Tool Code Best Practices

  • Type hints on all parameters and return values. The verification pipeline checks that your function signature matches the manifest schemas.
  • Docstrings. They are used during smoke testing to understand what sample inputs to generate.
  • Return dictionaries, not custom objects. ANP tools communicate via JSON-serializable data. Returning a Pydantic model or dataclass may work, but a plain dict is safest.
  • Handle errors gracefully. Uncaught exceptions during smoke testing lower your score. Either catch expected errors and return them in a structured format, or let only truly unexpected errors propagate.
  • No global state or side effects on import. The verification pipeline imports your module to check for errors. If importing triggers a database connection or API call, the import step will fail.

Writing Tests

Tests are not optional — they directly affect your verification score. Create tests/test_tool.py:

import pytest
from json_schema_validator.tool import validate_json


SAMPLE_SCHEMA = {
    "type": "object",
    "properties": {
        "name": {"type": "string"},
        "age": {"type": "integer", "minimum": 0},
    },
    "required": ["name", "age"],
}


def test_valid_data_passes():
    result = validate_json({"name": "Alice", "age": 30}, SAMPLE_SCHEMA)
    assert result["valid"] is True
    assert result["errors"] == []


def test_invalid_type_detected():
    result = validate_json({"name": "Alice", "age": "thirty"}, SAMPLE_SCHEMA)
    assert result["valid"] is False
    assert len(result["errors"]) > 0
    assert any("age" in e for e in result["errors"])

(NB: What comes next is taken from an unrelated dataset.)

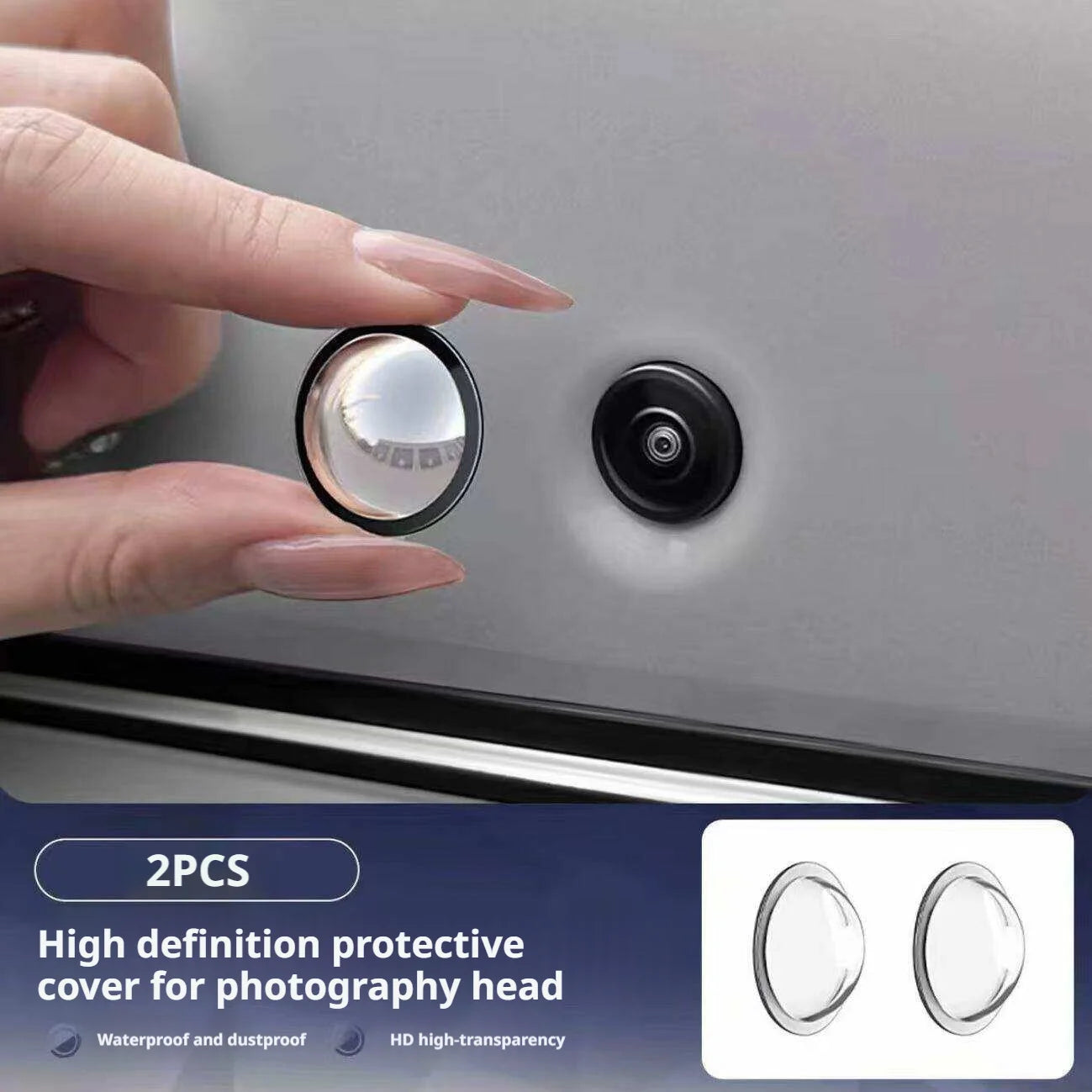 SEAMETAL Car Camera Protective Cover–Rainproof/Dustproof Anti-Gravel Scratch with High Clarity & 360° View HD Transparent Cover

def test_missing_required_field():
    result = validate_json({"name": "Alice"}, SAMPLE_SCHEMA)
    assert result["valid"] is False
    assert any("age" in e.lower() or "required" in e.lower() for e in result["errors"])


def test_extra_fields_allowed_by_default():
    result = validate_json(
        {"name": "Alice", "age": 30, "email": "alice@example.com"},
        SAMPLE_SCHEMA,
    )
    assert result["valid"] is True


def test_empty_data_against_schema():
    result = validate_json({}, SAMPLE_SCHEMA)
    assert result["valid"] is False
    assert len(result["errors"]) >= 2  # missing name and age


def test_returns_expected_shape():
    result = validate_json({"name": "X", "age": 1}, SAMPLE_SCHEMA)
    assert "valid" in result
    assert "errors" in result
    assert isinstance(result["valid"], bool)
    assert isinstance(result["errors"], list)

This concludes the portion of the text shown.